WHAT NEEDS TO BE DONE
Below are entries with pictures in them. Output exactly the lines starting at the line with "咖色美式工装裤女秋冬新款小个子降落伞裤运动直筒高街裤子阔腿裤商品大图" and ending at the line with "jojofuny 20pcs Unfinished", both included, but not the pictures.

_ _ _

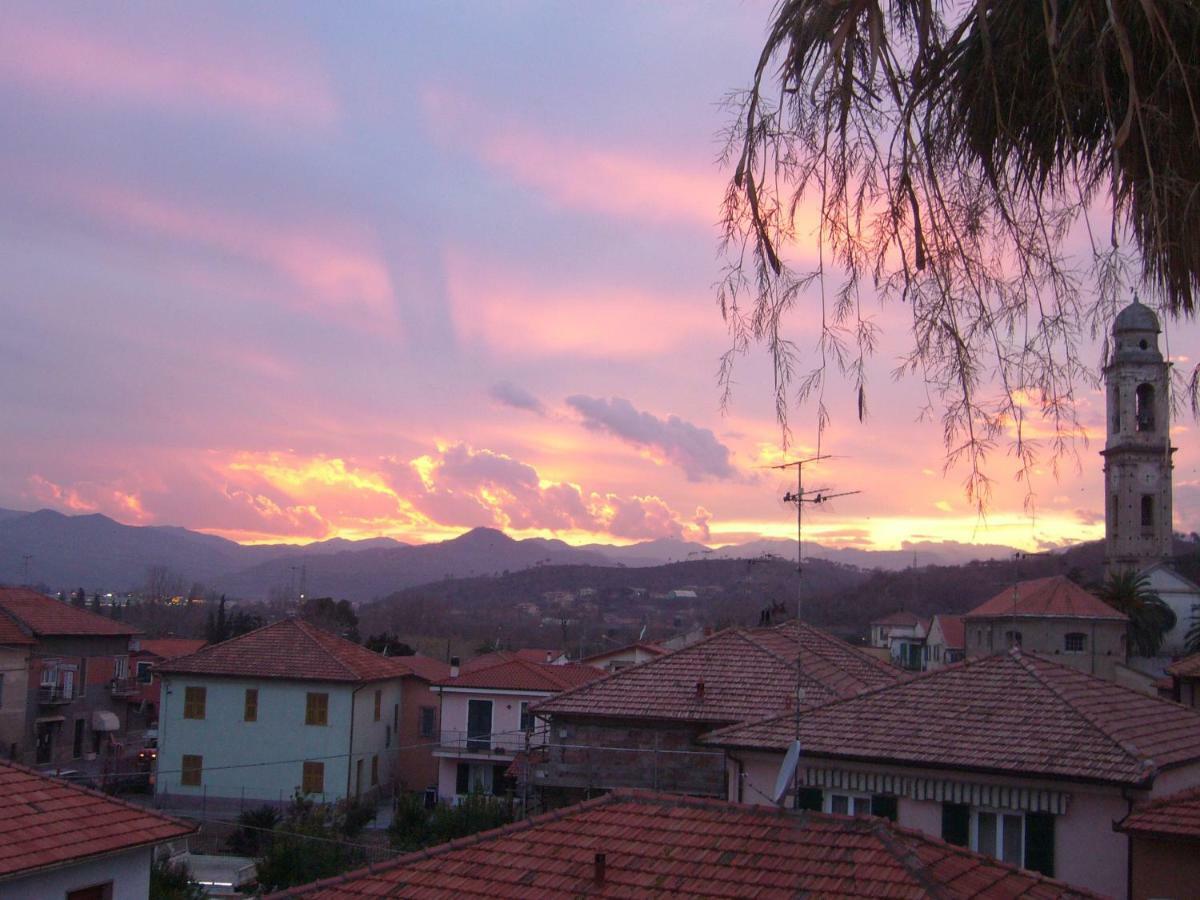Oddi21 B&B Αλμπένγκα Εξωτερικό φωτογραφία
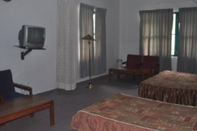 Kamar Tidur Royal Hotel Naran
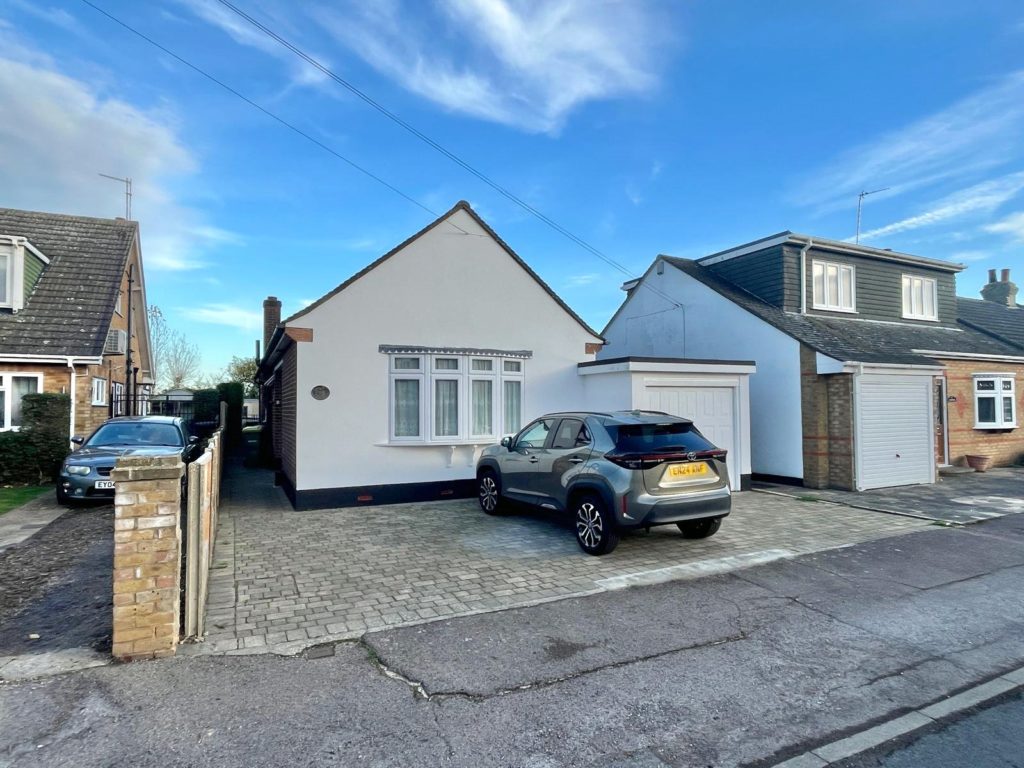 Alexandra Road, Great Wakering, Southend-on-Sea, Essex, SS3 0HN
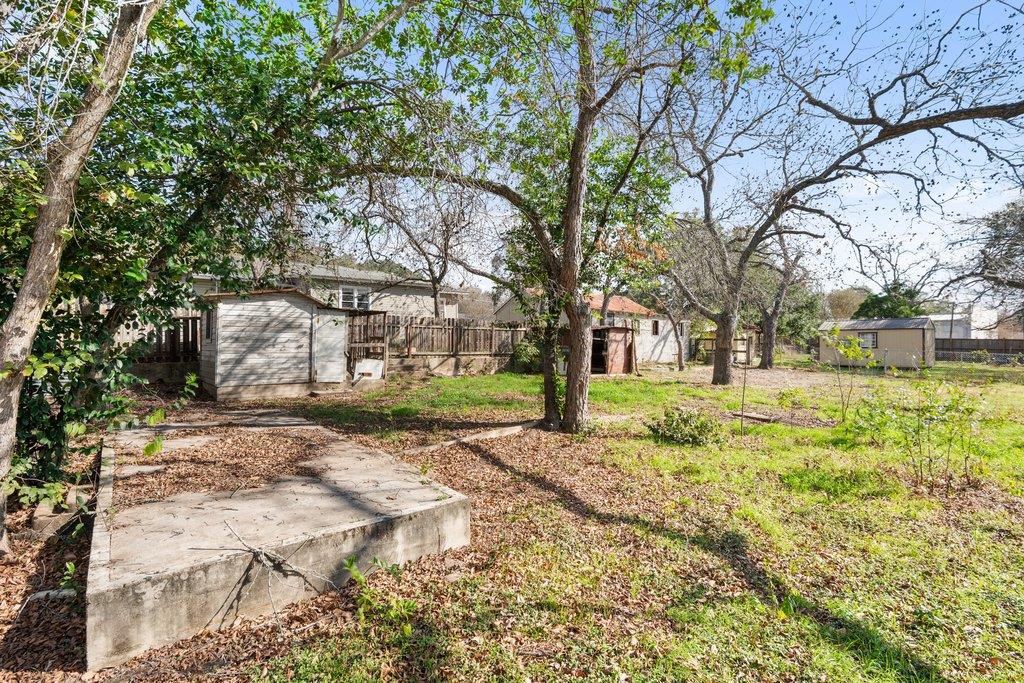 701 N Washington Street La Grange TX 78945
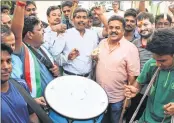  ??  ?? (Above) Mumbai Congress chief Sanjay Nirupam Nirupam on Saturday organised a protest against the May 17 decision of Karnataka governor’s decision to invite BJP's BS Yeddyurapp­a to form the government. (Below) Cong worker’s celebrate party victory in...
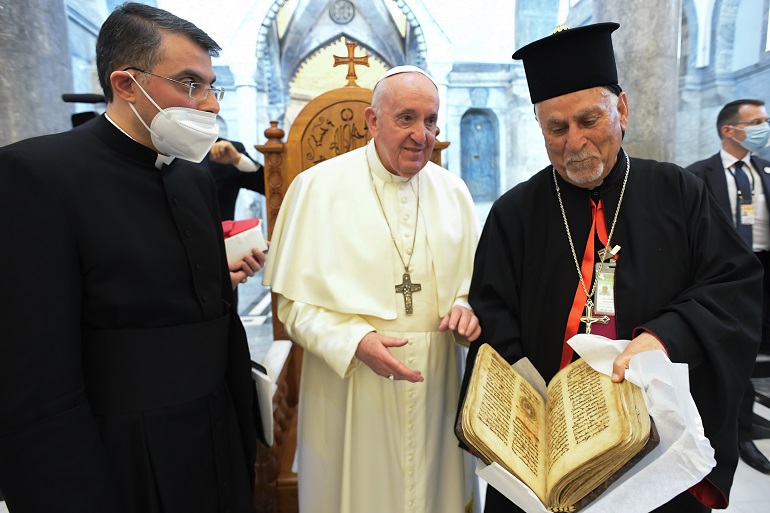 El Papa Francisco visita la Iglesia de la Inmaculada Concepción en Bakhdida (Qaraqosh), Iraq, el 7 de marzo de 2021.
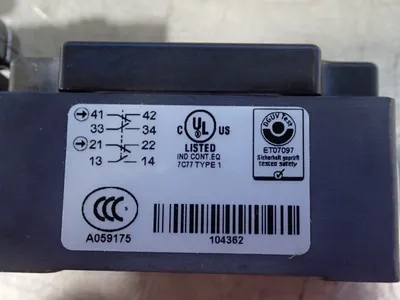 Used EUCHNER 090747 Relays & Switches Ohio US | HGR 24 #907406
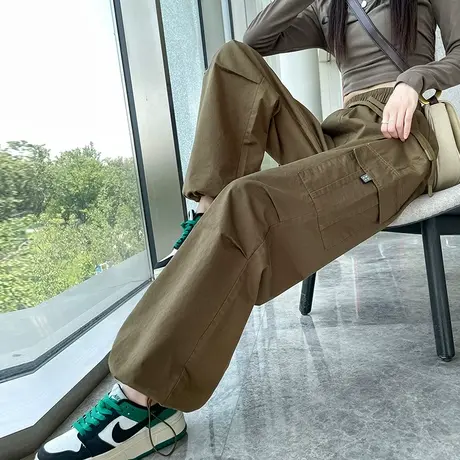 咖色美式工装裤女秋冬新款小个子降落伞裤运动直筒高街裤子阔腿裤商品大图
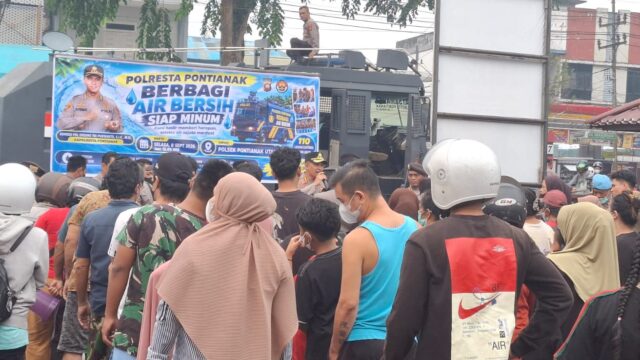 Bersama kita Hadir dan peduli untuk Masyarakat, Polresta Pontianak Salurkan Air Bersih dampak Karhutla dan Kekeringan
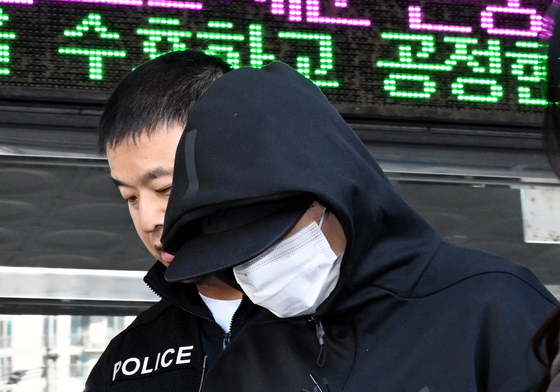 '대전 교제 살인' 40대 구속심사…공항 왜 갔나 질문에 묵묵부답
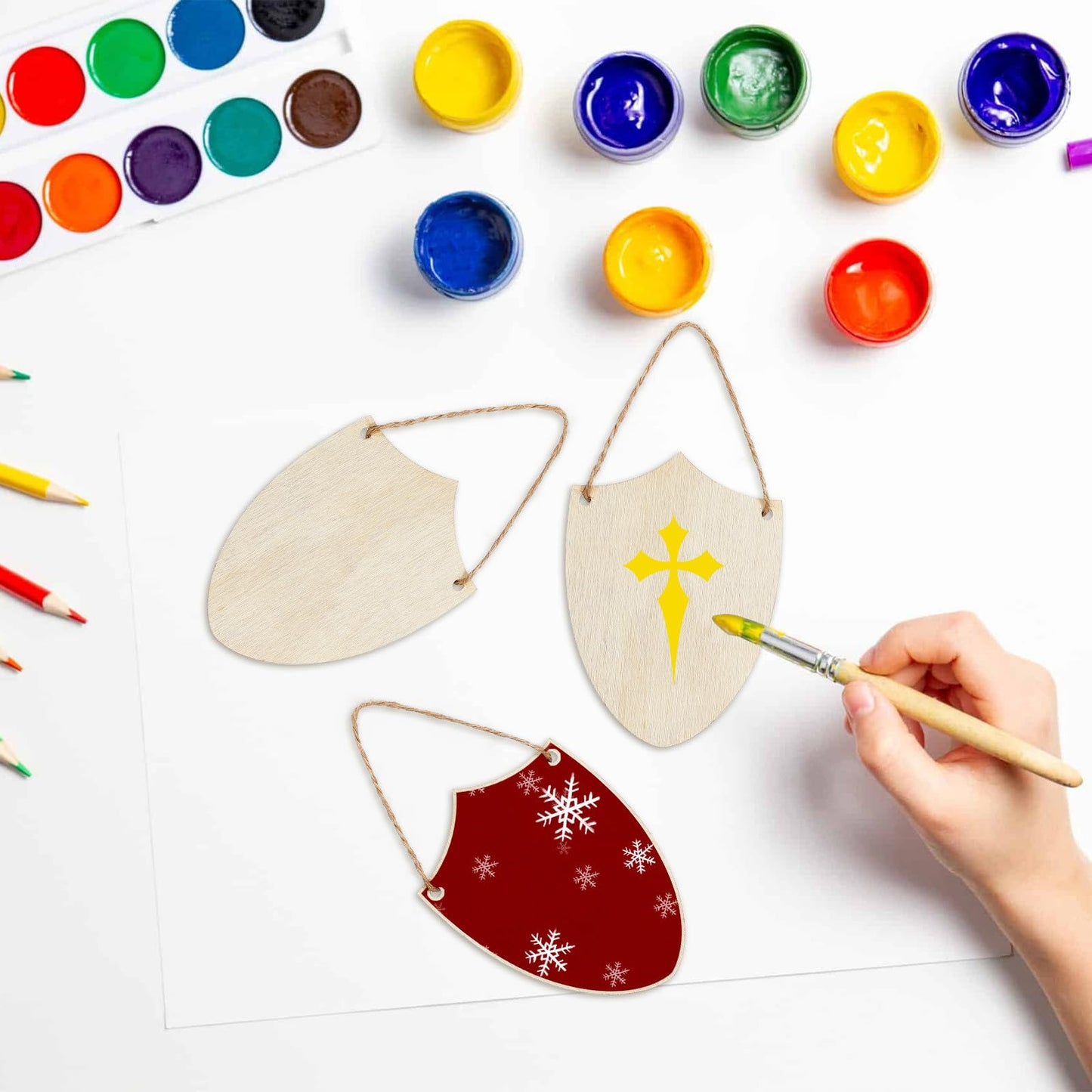 jojofuny 20pcs Unfinished Wooden Shield Cutouts, Paintable DIY Wood Craft Shapes for Knight Party Favors, Medieval Decorations & Home Decor, 3.93 x 2.75 Inch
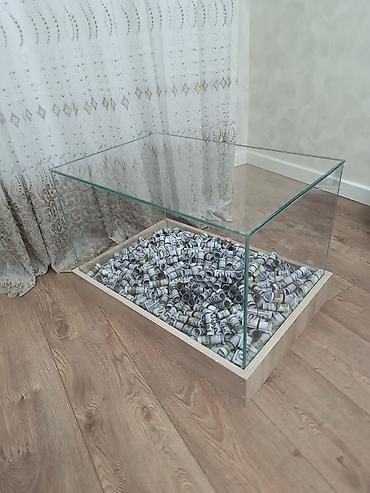 ucuz vitrin: Şüşə vitrin/masası – dekorativ “pul rulonları” ilə - Material: qalın — 6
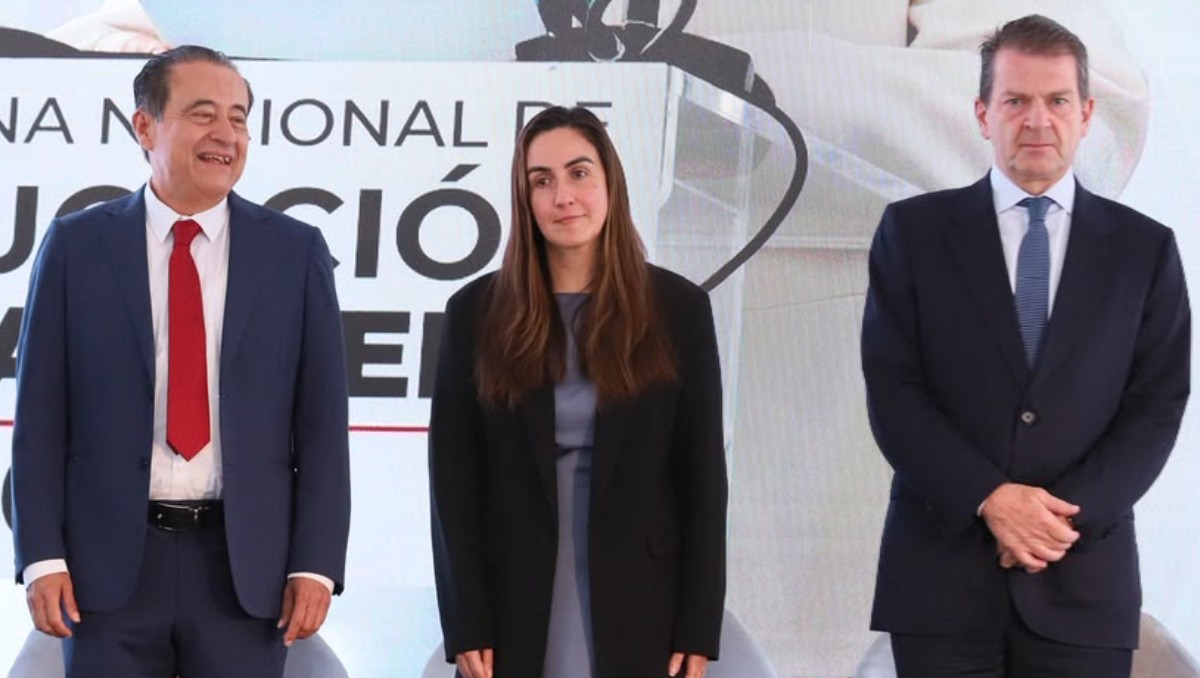 Emilio Romano, director general de la filial en México, partició en la SNEF 2026 (Derecha). Foto: Octavio Hoyos
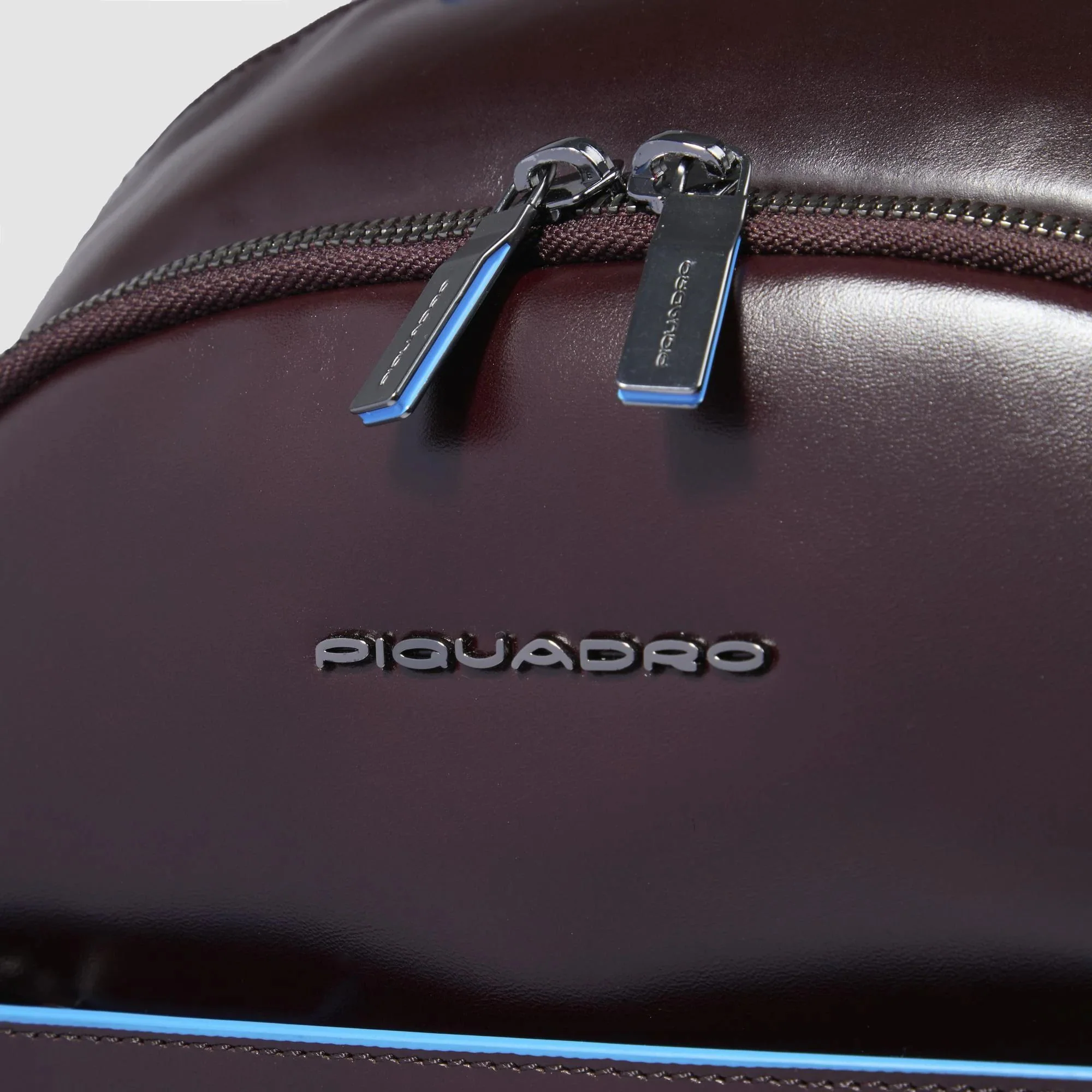 PIQUADRO MOCHILA PEQUEÑA PARA PORTÁTIL E IPAD® BLUE SQUARE - Image 18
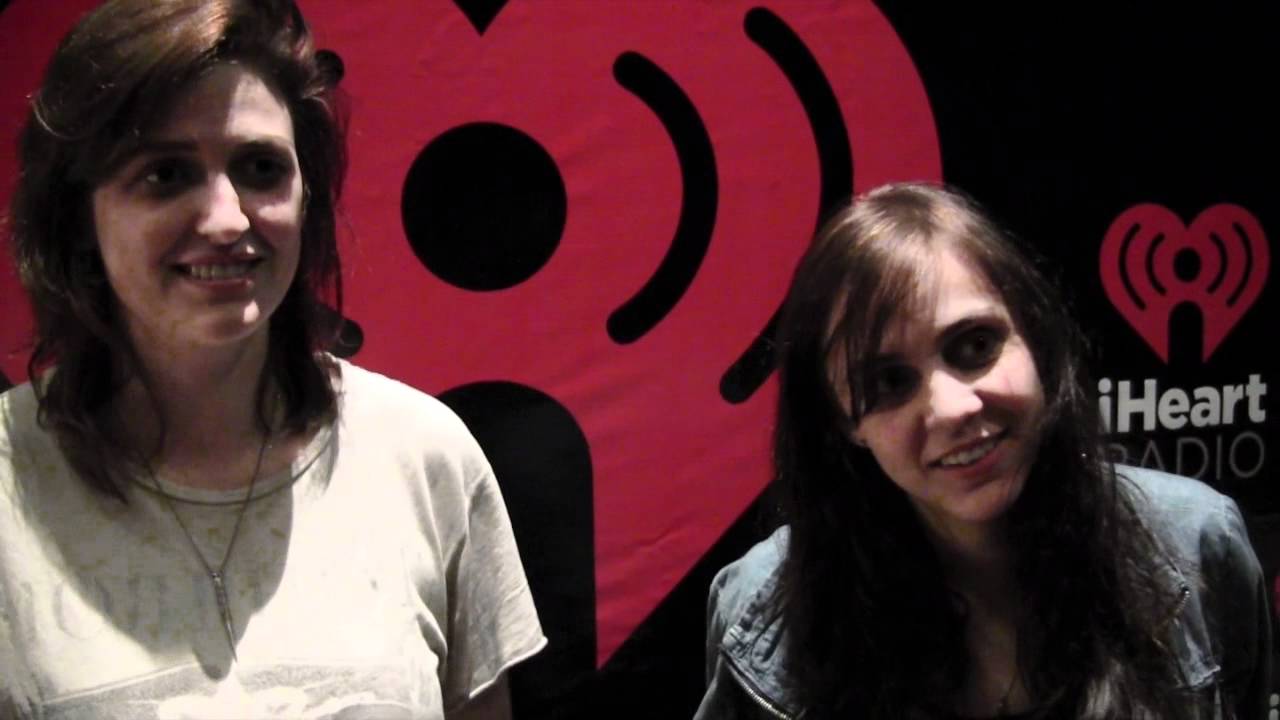 987FM@ SXSW 2012: interview w/Dead Sara (girls)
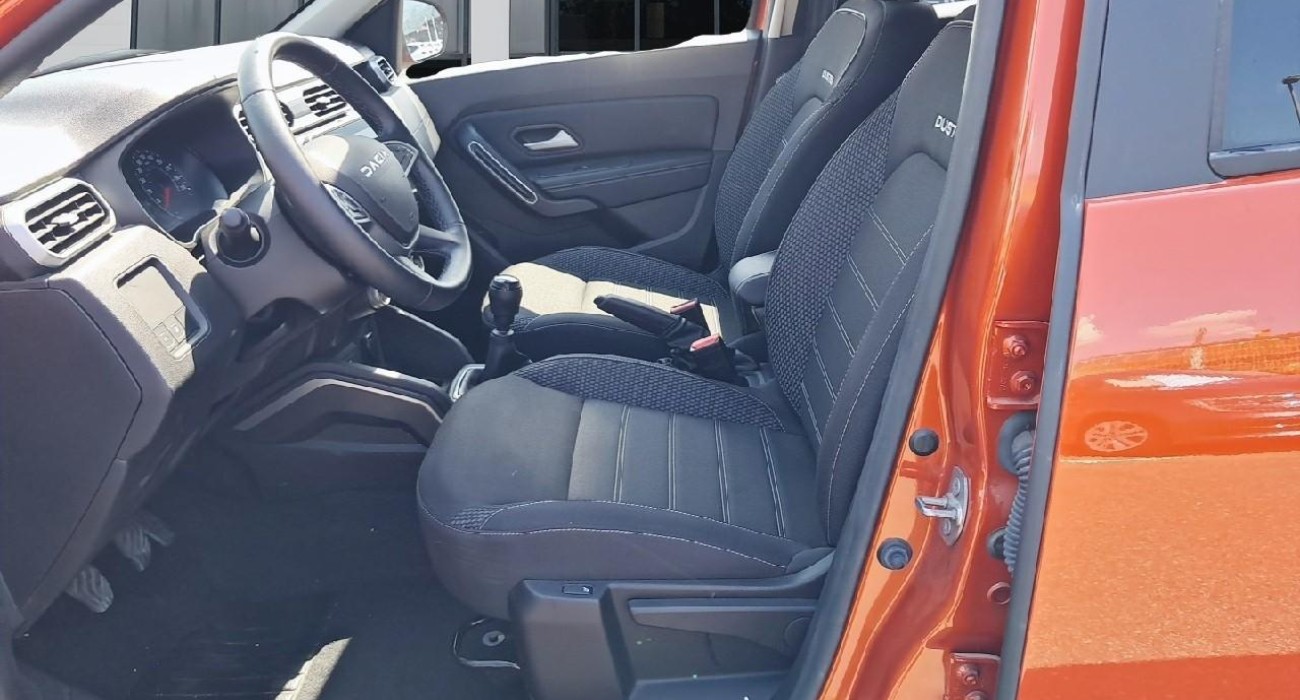 Dacia DUSTER ECO-G 100 4x2 Journey 12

_ _ _

YOUR RESPONSE
 咖色美式工装裤女秋冬新款小个子降落伞裤运动直筒高街裤子阔腿裤商品大图
 Bersama kita Hadir dan peduli untuk Masyarakat, Polresta Pontianak Salurkan Air Bersih dampak Karhutla dan Kekeringan
 '대전 교제 살인' 40대 구속심사…공항 왜 갔나 질문에 묵묵부답
 jojofuny 20pcs Unfinished Wooden Shield Cutouts, Paintable DIY Wood Craft Shapes for Knight Party Favors, Medieval Decorations & Home Decor, 3.93 x 2.75 Inch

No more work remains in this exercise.